In other words, the Court realizes that the pandemic will continue to affect its normal operations indefinitely, but believes that parties should be prepared to proceed, albeit in a modified way, in order to allow matters to be heard.
The Court has directed parties to use its E-filing portal during the Suspension Period for all documents, with the exception of documents which contain confidential information. The Court has also relieved parties of the requirement to file paper copies of documents during this period (this was, in normal times, required for certain documents even when the E-filing portal was used, such as documents over 500 pages). The Court has also ordered that a party is deemed to have consented to electronic service if it has provided an electronic address on a document filed with the Court.
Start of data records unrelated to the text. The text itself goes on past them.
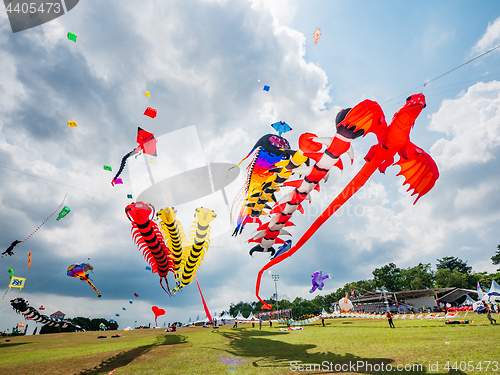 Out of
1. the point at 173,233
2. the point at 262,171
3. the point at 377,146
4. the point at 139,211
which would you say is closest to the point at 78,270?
the point at 173,233

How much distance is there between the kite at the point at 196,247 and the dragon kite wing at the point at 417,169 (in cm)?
931

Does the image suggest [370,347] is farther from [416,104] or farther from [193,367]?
[416,104]

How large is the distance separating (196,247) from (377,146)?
36.2 feet

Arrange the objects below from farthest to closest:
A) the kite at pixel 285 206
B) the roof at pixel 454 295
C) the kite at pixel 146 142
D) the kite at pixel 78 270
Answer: the roof at pixel 454 295, the kite at pixel 78 270, the kite at pixel 146 142, the kite at pixel 285 206

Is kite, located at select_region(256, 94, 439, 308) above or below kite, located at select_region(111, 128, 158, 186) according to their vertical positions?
below

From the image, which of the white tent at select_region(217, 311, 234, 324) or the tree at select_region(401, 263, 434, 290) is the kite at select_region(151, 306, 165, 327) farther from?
the tree at select_region(401, 263, 434, 290)

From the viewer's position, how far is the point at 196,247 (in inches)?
556

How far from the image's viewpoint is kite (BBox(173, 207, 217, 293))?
43.8 ft

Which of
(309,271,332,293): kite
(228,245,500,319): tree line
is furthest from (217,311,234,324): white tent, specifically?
(309,271,332,293): kite

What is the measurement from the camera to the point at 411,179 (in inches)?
295

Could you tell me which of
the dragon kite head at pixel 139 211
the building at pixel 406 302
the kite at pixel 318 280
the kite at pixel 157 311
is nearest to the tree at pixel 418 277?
the building at pixel 406 302

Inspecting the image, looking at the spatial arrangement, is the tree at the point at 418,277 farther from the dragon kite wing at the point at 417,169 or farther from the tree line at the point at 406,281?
the dragon kite wing at the point at 417,169

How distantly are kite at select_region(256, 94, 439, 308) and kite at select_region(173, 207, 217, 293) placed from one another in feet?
22.4

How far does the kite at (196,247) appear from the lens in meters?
13.3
The Court has indicated that it will accept affidavits sworn or affirmed using the procedures for remote commissioning of documents deemed acceptable by any Superior Court of any province. Most provinces have instituted procedures for remotely commissioning affidavits, including British Columbia. Parties should keep in mind, however, that they are still required to file paper copies of affidavits filed through the E-filing portal – including affidavits sworn remotely – within two weeks of the resumption of the Court’s regular operations.
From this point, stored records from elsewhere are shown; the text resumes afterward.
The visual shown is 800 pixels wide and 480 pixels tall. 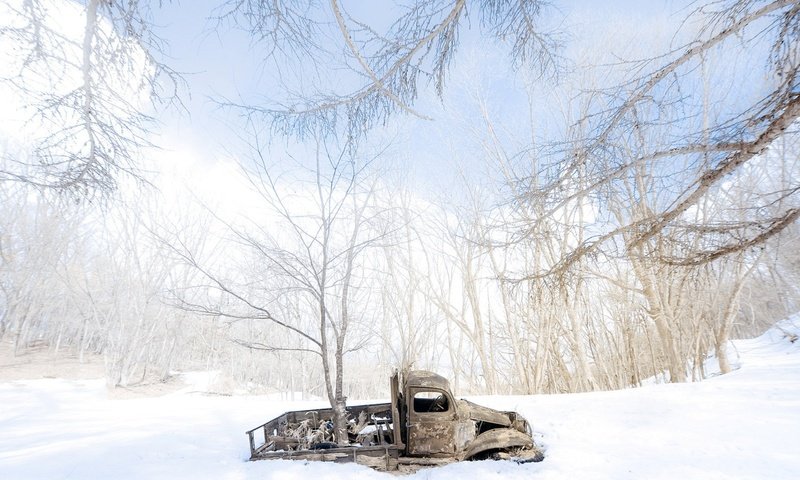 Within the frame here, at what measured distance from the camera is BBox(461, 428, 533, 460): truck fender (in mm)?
4871

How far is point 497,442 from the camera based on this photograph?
4895 millimetres

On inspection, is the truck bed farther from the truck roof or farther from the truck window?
the truck roof

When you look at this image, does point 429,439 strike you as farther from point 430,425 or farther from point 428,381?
point 428,381

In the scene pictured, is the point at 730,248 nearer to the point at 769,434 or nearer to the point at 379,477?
the point at 769,434

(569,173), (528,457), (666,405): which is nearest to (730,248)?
(569,173)

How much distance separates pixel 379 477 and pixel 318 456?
0.94 metres

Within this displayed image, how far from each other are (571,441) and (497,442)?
1.36 m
The end of the Suspension Period will likely bring an end to some of these rules. For instance, parties will likely no longer be deemed to consent to electronic service, and the requirement to file accompanying paper copies of certain documents will once again be in force. However, the Court has undoubtedly seen an increase in E-filing during this period. As both the Court and practitioners become more familiar with processes for electronic service and E-filing, the pandemic will likely precipitate numerous long-lasting changes to Federal Court practice.
Conclusion: litigants can – and should – proceed using technological solutions
There is a growing expectation from Courts across Canada that parties should be able to adapt to new Court processes by using videoconferencing platforms and other technological solutions. Justice Myers of the Ontario Superior Court, when faced with a dispute about whether or not examinations for discovery ought to proceed via teleconferencing software, bluntly assessed our current reality as follows:
In my view, the simplest answer to this issue is, “It’s 2020”. We no longer record evidence using quill and ink. In fact, we apparently do not even teach children to use cursive writing in all schools anymore. We now have the technological ability to communicate remotely effectively. Using it is more efficient and far less costly than personal attendance. We should not be going back (Arconti v Smith, 2020 ONSC 2782 at para. 19).
Although articulated by a different court, this sentiment should be kept in mind for all federal matters as well. The global pandemic does not constitute an insurmountable barrier to pursuing litigation, nor does it serve as a blanket excuse for delaying procedural steps.
Even beyond the pandemic, the Court and practitioners alike can no longer dismiss the convenience (and sometimes the necessity) of using technological solutions to aid in the more efficient conduct of litigation. While the pandemic has had serious and unfortunate effects for many people across the world, it has helped speed up changes in the way the Court operates. These changes will hopefully continue to improve access to Canadian courts for many years to come.